Sunday, January 20, 2008

teaching

About a year and a half ago, I was speaking with one of my professors about graduate school. He was writing me a letter of rec, and he queried why I was just applying to the English grad program and not to Communication (as that was my undergrad degree). I responded off the top of my head (not a safe place to grab stuff from generally) that I didn't want to spend my life performing statistical studies. He seemed somewhat disappointed in my answer and iterated how that really wasn't the focus of the department.

I think I have a better answer now. The more I think about it in this long interim, the more I realize that my true love is teaching. I want to teach college kids to write and how to write well. Now of course I want to integrate what I learned about new technologies and the like, different texts = different ways of writing. But even then in my professor's office I knew on some subconscious level that I was interested more in the structure rather than the content.

It's really the teaching. In my current part time job as a writing tutor, I love it when the kids finally "get" something and when I see their writing improve. Even if it takes a long while, at the very least I seem to be good at helping them see that writing is not the horrific behemoth they once thought.

Hopefully the above ideas come across not quite as cheesy but just as heartfelt as they would in person.

Friday, December 28, 2007

once again

Well, all my stuff is ready and compiled, except for my writing samples that I will print out at the Odegaard Library. At approximately 2:30 today I will have just turned in my application for the UW's English doctoral program. Here's hoping the English classes I took this summer and fall earn me some brownie points. They were quite fun/stimulating/freakin hard/yet interesting at the very least.

Monday, December 10, 2007

"blogging and blugging"

Interesting article.

Wednesday, October 31, 2007

Religion and Tech?

In Jerry Seinfeld's latest interview, he discloses how he used tenets of Scientology to improve his interpersonal communication and performance skills, going so far to say as "It's all technology."
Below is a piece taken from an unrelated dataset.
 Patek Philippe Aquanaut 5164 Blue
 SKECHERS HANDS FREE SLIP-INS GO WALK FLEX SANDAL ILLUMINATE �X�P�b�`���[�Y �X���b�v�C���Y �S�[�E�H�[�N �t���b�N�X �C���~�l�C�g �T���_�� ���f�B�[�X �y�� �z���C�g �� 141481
In another article also posted today on msnbc, tech is used to create Jesus 2.0. The proliferation of Christian based, or faith based websites is being touted as shifting the way we worship.

Now I use a few websites myself for theological questions - enduringword.com being one. But does this really change the way I worship? I'm definitely getting more information, perhaps more quickly than in the past when I would have waited for an opportunity to talk to someone with expertise in the area I had questions about.

In the Jesus 2.0 article, this quote disturbed me, and really gets to the point of this post.

"Spark Networks spokeswoman Gail Laguna argues that religion has a real power to pull together a niche market online" (my emphasis).

Not addressed in this article is how these online sites are being funded. Pop up ads? Donations? Specific churches funding them? When Seinfeld took Scientology classes, how much did he have to pay for them.

I'm finding this recent conflation of technology and religion, all the while ignoring the undergirding economic forces, highly disturbing.

Slate.com has quite a few instances of this, albeit a bit more implicit. "Blogging the Bible" was quite popular on the front page for a few months. There was recently a bit of buzz concerning the man who lived every rule (really?) of the Bible for an entire year. Now, journalism, especially online journalism, is a bit trickier to unpack in terms of economics, besides the fact that journalists want to get paid. But in the case of the Biblical guinea pig, he had a book coming out describing his experiences.